╭─ DATA FOR THIS EXERCISE
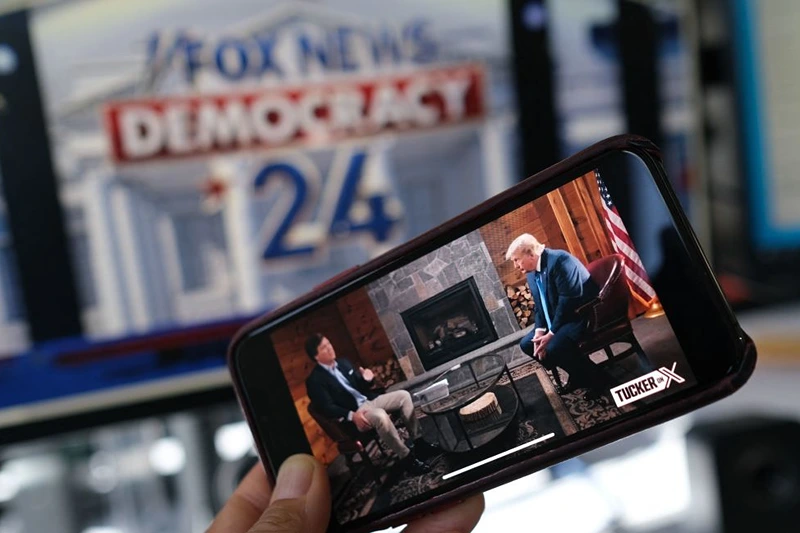 TOPSHOT - This illustration photo shows a preview of Tucker Carlson's interview of former US President Donald Trump scheduled to air on X (formerly Twitter) on the same night of the first Republican Presidential primary debate in Milwaukee, Wisconsin, on a smartphone ahead of the debate on August 23, 2023. (Photo by Chris DELMAS / AFP) (Photo by CHRIS DELMAS/AFP via Getty Images)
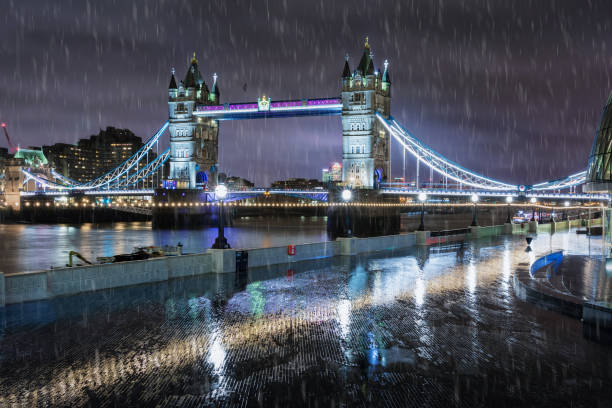 The Tower Bridge in London on a rainy winter night, United Kingdom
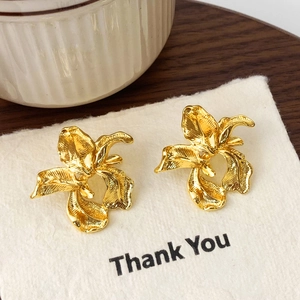 Boucles d'oreilles iris dorées élégantes avec texture métallique sur carte blanche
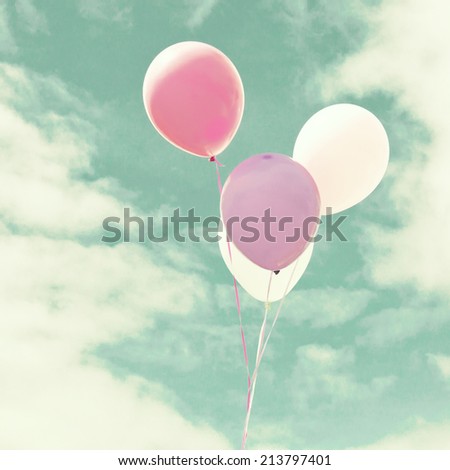 Colorful balloons over retro vintage background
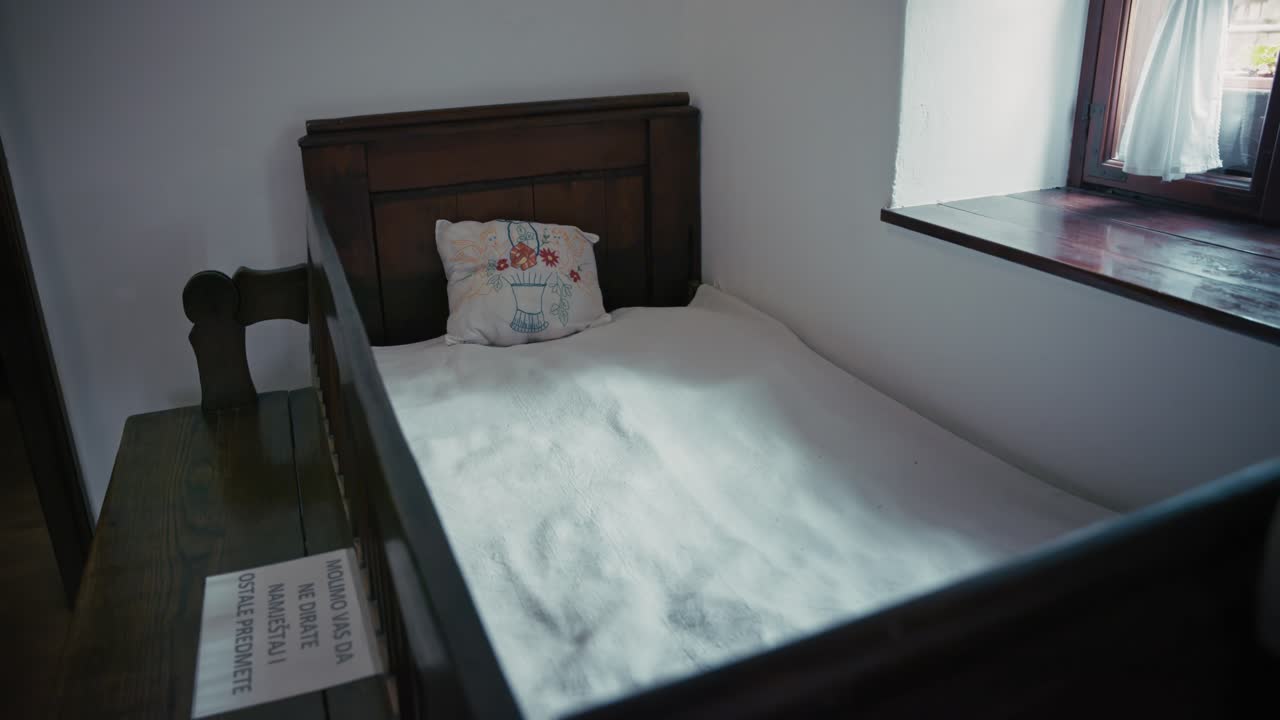 Traditional wooden bed with embroidered pillow in Kumrovec museum, Croatia
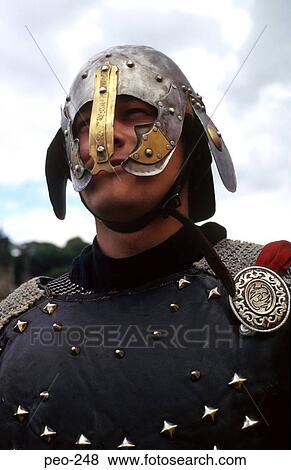 Stock Photo - Man in Medieval Armour at Reinactment England. Fotosearch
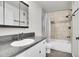 Clean bathroom, featuring a shower/tub combo and updated vanity at 11127 Alcott St # A, Denver, CO 80234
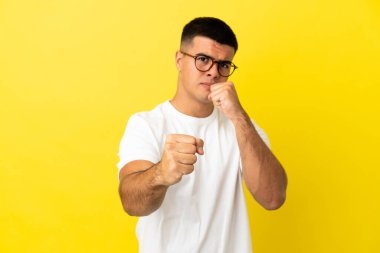 Genç, yakışıklı, izole edilmiş sarı arka planda dövüşen bir adam.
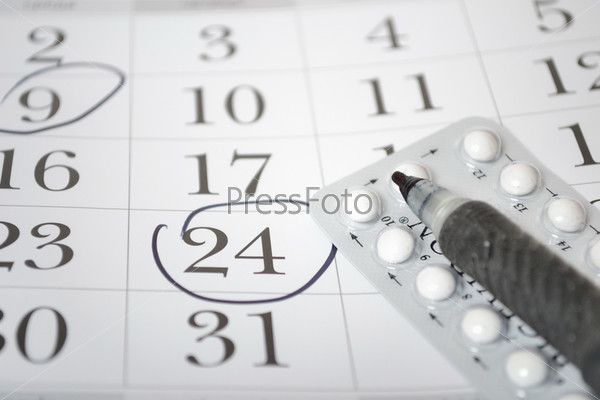 Противозачаточные таблетки, ручка и календарь крупным планом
╰─
**TASK DESCRIPTION**
Print the preceding material over again exactly. Please leave the pictures out.

**REPLY**
 TOPSHOT - This illustration photo shows a preview of Tucker Carlson's interview of former US President Donald Trump scheduled to air on X (formerly Twitter) on the same night of the first Republican Presidential primary debate in Milwaukee, Wisconsin, on a smartphone ahead of the debate on August 23, 2023. (Photo by Chris DELMAS / AFP) (Photo by CHRIS DELMAS/AFP via Getty Images)
 The Tower Bridge in London on a rainy winter night, United Kingdom
 Boucles d'oreilles iris dorées élégantes avec texture métallique sur carte blanche
 Colorful balloons over retro vintage background
 Traditional wooden bed with embroidered pillow in Kumrovec museum, Croatia
 Stock Photo - Man in Medieval Armour at Reinactment England. Fotosearch
 Clean bathroom, featuring a shower/tub combo and updated vanity at 11127 Alcott St # A, Denver, CO 80234
 Genç, yakışıklı, izole edilmiş sarı arka planda dövüşen bir adam.
 Противозачаточные таблетки, ручка и календарь крупным планом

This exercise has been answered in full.